Duplication in the plugin ecosystem is not a bug — it’s how innovation happens.


**The real issue isn’t that Obsidian lacks a semantic layer.

It’s that the AI ecosystem itself has no shared standard.**

This is why every plugin author currently reinvents:

  • embeddings model choice

  • vector storage

  • re-index logic

  • metadata architecture

  • cache format

  • provider abstraction

But that’s not something Obsidian can or should solve in its core.

This would be like saying:

“Google Cloud and AWS both do very similar things—why don’t they agree on a single unified infrastructure?”

It doesn’t work that way, because the layer is too complex, fast-moving, and opinionated.


Centralizing AI inside Obsidian’s core creates far bigger problems:

1. Where do you store the semantic index?

  • in Obsidian’s cache? (duplicated, unsynced, fragile)

  • inside the vault? (Git pollution, conflicts, mobile issues)

  • external folder? (permissions, portability problems)

There is no solution that fits all users.

2. Which embedding model do you pick?

Whatever the core team chooses will disappoint MANY users:

  • too big

  • too small

  • not multilingual

  • not accurate enough

  • outdated in 6 months

  • incompatible with mobile

There is no single model that satisfies everyone.

3. Cross-platform reality

Running semantic embeddings consistently across:

  • macOS

  • Windows

  • Linux

  • iOS

  • Android

…is nearly impossible without constant breakage.
It would turn Obsidian core into an AI runtime — which is the opposite of “minimal.”

4. Maintenance nightmare

Keeping an AI layer updated, efficient, stable, and universal would become a full-time job.
And AI evolves every 3–6 months.
Shipping that level of heavy infrastructure in the core would be a burden forever.


The right solution is not centralization — it’s standardization outside the core.

Obsidian shouldn’t define an AI layer.

The AI providers and runtimes should.

Just like:

  • browsers didn’t invent TLS

  • editors didn’t invent PDF

  • Notepad doesn’t define filesystem formats

  • VSCode doesn’t define programming languages

Obsidian should not define a universal semantic index or embedding layer.
That should be handled by AI standards such as MCP, ONNX, local LLM engines, or a shared community library.


In short:

:check_mark: The need is real.
:check_mark: The pain is real.
:cross_mark: But moving this into the Obsidian core is the wrong solution.
:check_mark: A shared external standard (plugin or library) could solves the problem
without compromising Obsidian’s minimalism, portability, or philosophy.

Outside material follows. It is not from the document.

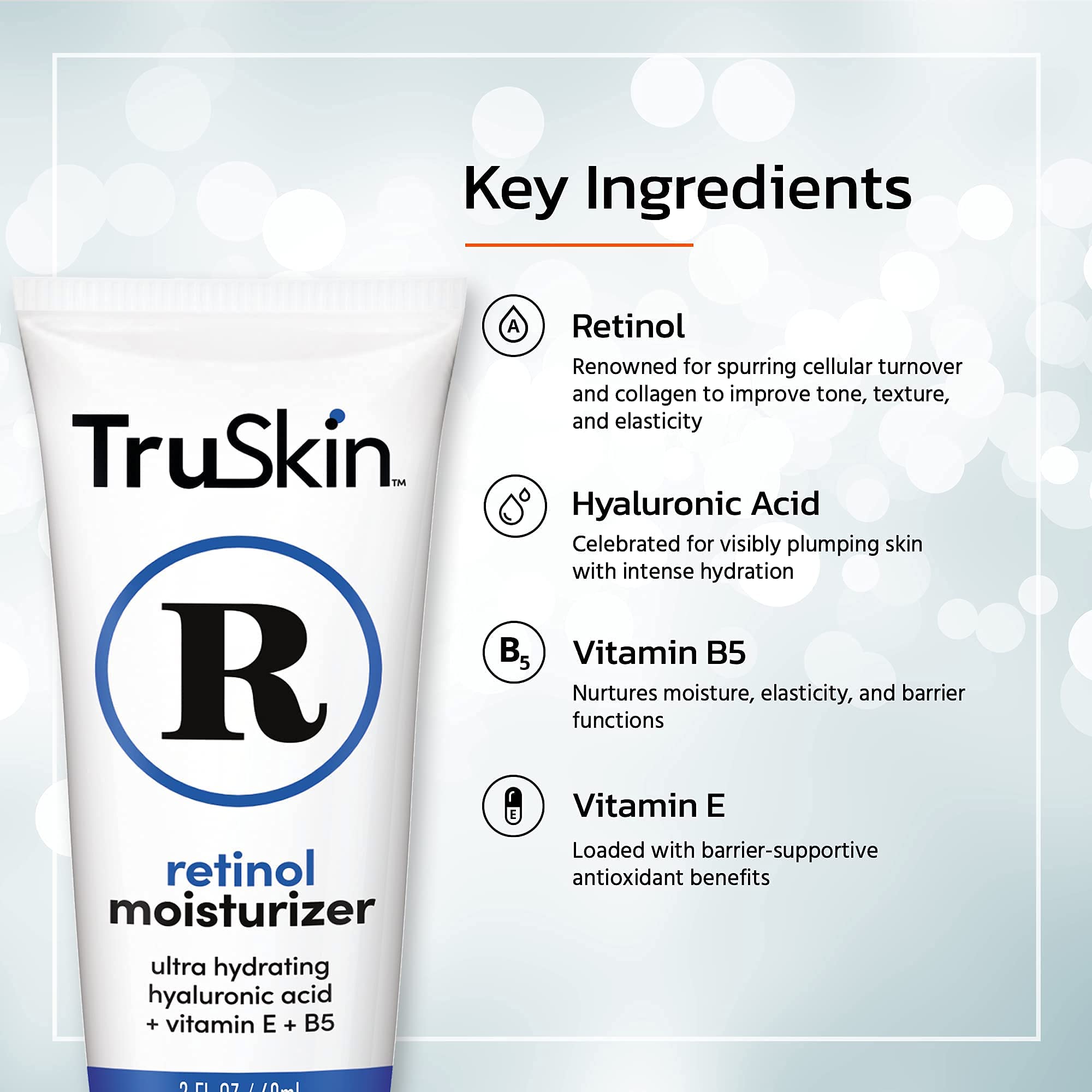 TruSkin Retinol Face Moisturizer with Hyaluronic Acid & Vitamin E – 2 oz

AI standardization should come from the AI ecosystem — **not from Obsidian.
**
Obsidian can’t solve a problem that belongs to the entire AI ecosystem. To me what you say is like asking Microsoft Word to invent HTTP.
Standards don’t come from apps — apps adopt them once they exist.
AI evolves too fast, varies too much, and depends on too many models and providers for Obsidian to centralize it in its core.
The only realistic path is a shared community plugin or library, not turning Obsidian into an AI platform.